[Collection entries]
^^^^^^^^^^^^^^^^

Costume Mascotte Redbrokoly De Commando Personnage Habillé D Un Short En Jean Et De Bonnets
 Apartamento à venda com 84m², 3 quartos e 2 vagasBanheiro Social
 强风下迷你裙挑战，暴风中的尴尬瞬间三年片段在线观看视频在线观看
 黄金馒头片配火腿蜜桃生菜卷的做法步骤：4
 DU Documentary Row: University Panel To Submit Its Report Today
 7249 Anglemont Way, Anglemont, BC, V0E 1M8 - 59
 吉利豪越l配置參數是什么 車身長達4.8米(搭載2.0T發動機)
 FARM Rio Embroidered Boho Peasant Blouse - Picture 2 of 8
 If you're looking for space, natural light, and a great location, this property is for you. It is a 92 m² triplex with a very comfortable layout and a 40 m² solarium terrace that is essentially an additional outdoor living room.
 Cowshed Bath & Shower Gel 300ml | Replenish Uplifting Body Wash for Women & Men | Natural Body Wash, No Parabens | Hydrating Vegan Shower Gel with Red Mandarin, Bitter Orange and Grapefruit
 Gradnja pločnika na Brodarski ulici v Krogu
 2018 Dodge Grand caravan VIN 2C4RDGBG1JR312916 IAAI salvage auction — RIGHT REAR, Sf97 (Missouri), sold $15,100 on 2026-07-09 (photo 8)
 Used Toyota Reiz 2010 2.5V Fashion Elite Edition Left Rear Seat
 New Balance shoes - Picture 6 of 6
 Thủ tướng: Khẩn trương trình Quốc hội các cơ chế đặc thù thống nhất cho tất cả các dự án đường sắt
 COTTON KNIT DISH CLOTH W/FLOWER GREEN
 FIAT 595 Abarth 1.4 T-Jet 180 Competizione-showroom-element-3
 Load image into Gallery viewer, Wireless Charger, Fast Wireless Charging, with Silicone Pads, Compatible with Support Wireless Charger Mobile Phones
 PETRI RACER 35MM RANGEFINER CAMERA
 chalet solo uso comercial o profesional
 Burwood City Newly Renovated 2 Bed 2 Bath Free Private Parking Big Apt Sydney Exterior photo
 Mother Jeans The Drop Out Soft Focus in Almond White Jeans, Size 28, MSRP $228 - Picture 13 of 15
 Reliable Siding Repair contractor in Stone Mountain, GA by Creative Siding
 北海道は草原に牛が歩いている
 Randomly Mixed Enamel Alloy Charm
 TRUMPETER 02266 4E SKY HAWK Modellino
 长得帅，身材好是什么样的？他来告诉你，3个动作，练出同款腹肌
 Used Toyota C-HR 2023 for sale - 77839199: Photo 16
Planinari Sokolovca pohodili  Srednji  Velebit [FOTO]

^^^^^^^^^^^^^^^^

§ **Requirement**
Starting at the line with "PETRI RACER 35MM RANGEFINER CAMERA", copy every line up to and including the last one in the entries above.

§ **Your solution**
 PETRI RACER 35MM RANGEFINER CAMERA
 chalet solo uso comercial o profesional
 Burwood City Newly Renovated 2 Bed 2 Bath Free Private Parking Big Apt Sydney Exterior photo
 Mother Jeans The Drop Out Soft Focus in Almond White Jeans, Size 28, MSRP $228 - Picture 13 of 15
 Reliable Siding Repair contractor in Stone Mountain, GA by Creative Siding
 北海道は草原に牛が歩いている
 Randomly Mixed Enamel Alloy Charm
 TRUMPETER 02266 4E SKY HAWK Modellino
 长得帅，身材好是什么样的？他来告诉你，3个动作，练出同款腹肌
 Used Toyota C-HR 2023 for sale - 77839199: Photo 16
Planinari Sokolovca pohodili  Srednji  Velebit [FOTO]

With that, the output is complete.